En el subtexto, tenemos lugares comunes que luego se han repetido. Por ejemplo, el aspirante a algo en la industria del cómic en el pecado lleva la penitencia. Se pasa las horas jugando a la consola, cuando, efectivamente, fueron estas, entre otros entretenimientos, las que hicieron descender dramáticamente las ventas de tebeos hasta estancarlas en unos nichos muy concretos. No sé si fue Noah Van Sciver el que dibujó al propietario de una tienda de cómics diciendo que la única forma que había de ayudarle era enviar a alguien a decirle a su yo de veinticinco años atrás que estudiase informática.
Ella, con la carrera de periodismo, solo aspira a trabajos en los que solo se exige escribir las famosas listas (5 ideas para no quemarse con el sol, etc) y encima conseguir algo así supondría un éxito, porque los únicos trabajos que tiene son en cafeterías y restaurantes. Uno de los recursos más notorios de la serie era homenajear a las grandes películas de todos los tiempos, a mí a veces me resulta cargante y otras sí que es un punto. El capítulo en el que ella trabaja en la cocina de un restaurante donde se alude a Alguien voló sobre el nido del cuco es una auténtica genialidad, pero lo más gracioso es que todo el personal que está ahí fregando son escritores. Incluso detallan el currículum de cada uno en una escena memorable.
Por lo demás, abundan referencias a Star Wars y demás, pero la sustancia de la serie y su mensaje está mucho mejor que esos sketches. Por ejemplo, cuando montan una fiesta y es aburridísima, mientras la hija de la casera, adolescente, ha organizado una arriba que es brutal. Al final, deciden colarse y lo hacen como los de Encuentros en la tercera fase cuando suben a la nave de los alienígenas, pero hay un comentario que rompe la tontuna y hace que te partas, dice uno de los adultos asombrado “¡qué delgado está todo el mundo!”.
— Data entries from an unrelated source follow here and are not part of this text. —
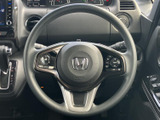 左右にスイッチを備え、手元で車両の機能を操作できるステアリングです。視線を大きく移さずに使える位置にまとまり、日常の運転時に便利な機能を活用できます。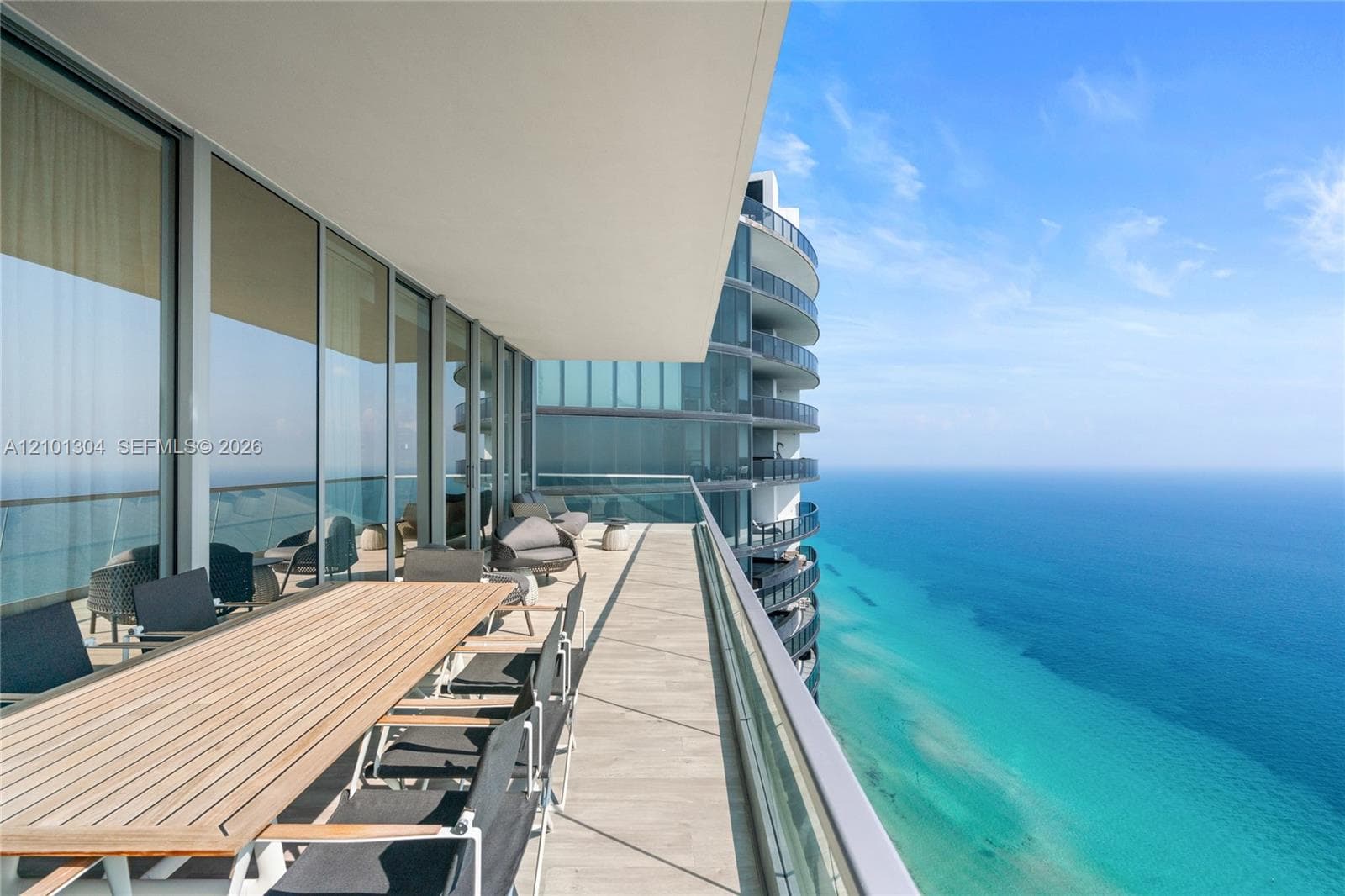 Turnberry Ocean Club · #5101 in Sunny Isles Beach - Photo 7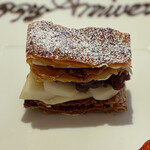 御影 ジュエンヌ - 洋梨と小豆のミルフィーユ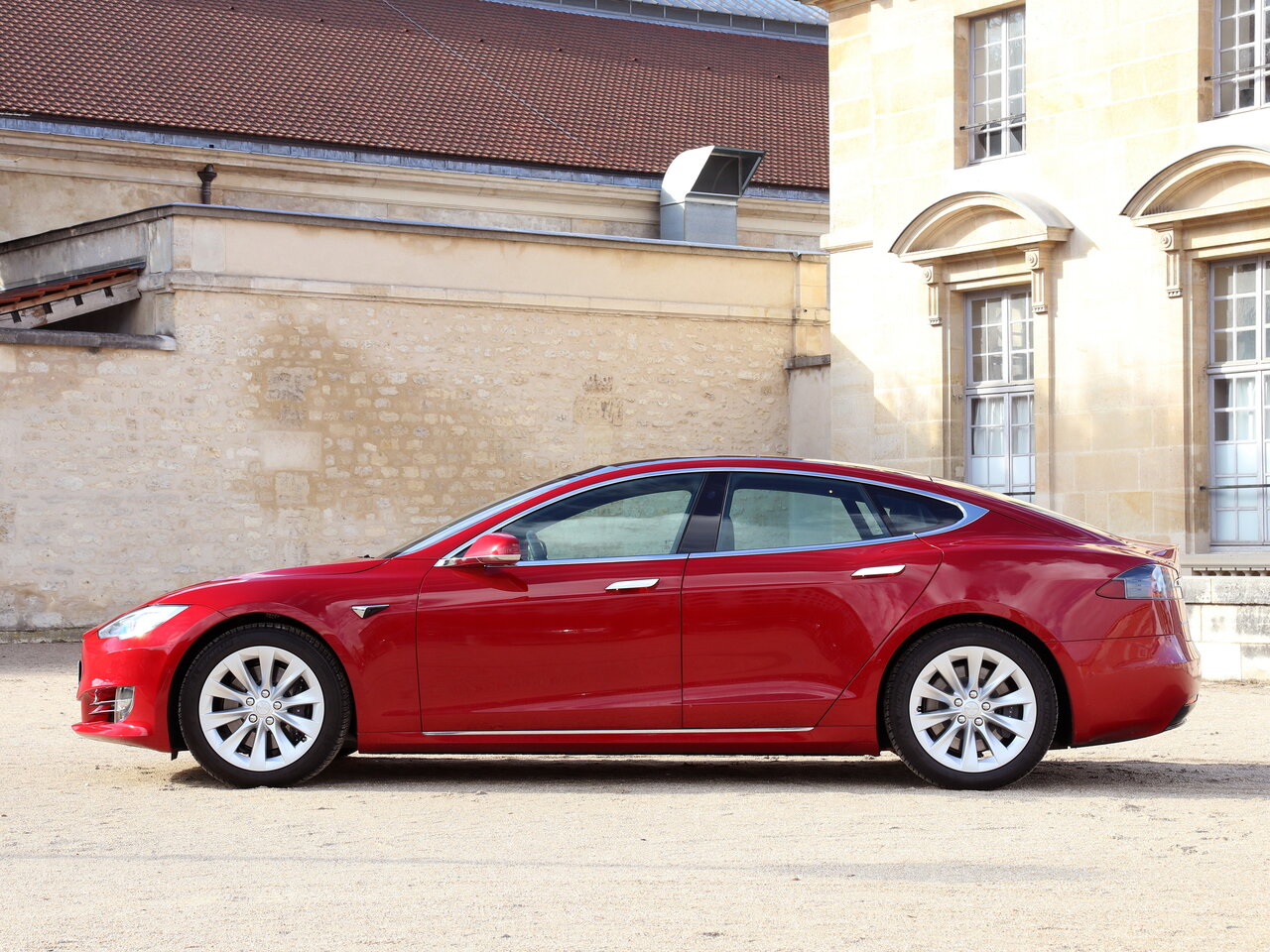 Tesla Model S I Рестайлинг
También es demencial el capítulo que abunda en el inquilino artista. Antes, en los 80, había tenido un dúo de performance expresionista con un travesti. No había llegado a nada, se separaron, pero pasados los años, ahora se llamaba Vulva y estaba triunfando por todo lo alto. El inquilino tiene que acudir al estreno de su obra y comerse el orgullo. Todo lo que les sucede ese día ahí dentro es de carcajada continua.
Incluiría en el que salen de marcha a bailar a una discoteca. Les lleva uno de los secundarios, que es mensajero en bicicleta. La primera escena de ese capítulo, en la que una llamada telefónica hace que en la mente de ese chico se inicie una discoteca con la música a todo meter, merece la pena verla entera aunque no se sepa inglés. Es para verla una y otra vez (ligeramente fumado).
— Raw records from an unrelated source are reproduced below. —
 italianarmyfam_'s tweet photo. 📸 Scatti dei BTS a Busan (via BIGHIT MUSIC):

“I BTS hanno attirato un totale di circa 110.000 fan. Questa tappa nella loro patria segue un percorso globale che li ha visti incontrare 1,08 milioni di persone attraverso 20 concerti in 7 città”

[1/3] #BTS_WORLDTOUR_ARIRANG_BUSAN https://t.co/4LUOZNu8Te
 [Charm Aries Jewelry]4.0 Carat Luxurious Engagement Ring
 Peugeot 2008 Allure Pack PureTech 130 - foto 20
Es cierto que hubo muchas comedias después, yo incluso diría que, en Inglaterra, en la primera mitad larga de la década de principios de siglo, podríamos hablar de época dorada. Pero quizá el encanto que tuvieron estas primeras es que son relativamente desconocidas y no tuvieron su campaña de sumisión de los medios generalistas a las plataformas. Ese fenómeno en el que las plataformas estrenan, la prensa se vuelca y llega la correspondiente réplica del terremoto en las redes sociales. Un mecanismo ideal para colocar el producto a los consumidores, pero que también ayuda a aborrecerlo. Todo este material británico, por ahora, está a salvo del pringue de los influencers. Quizá por eso su humor, tan antiguo, siga resultando refrescante y original.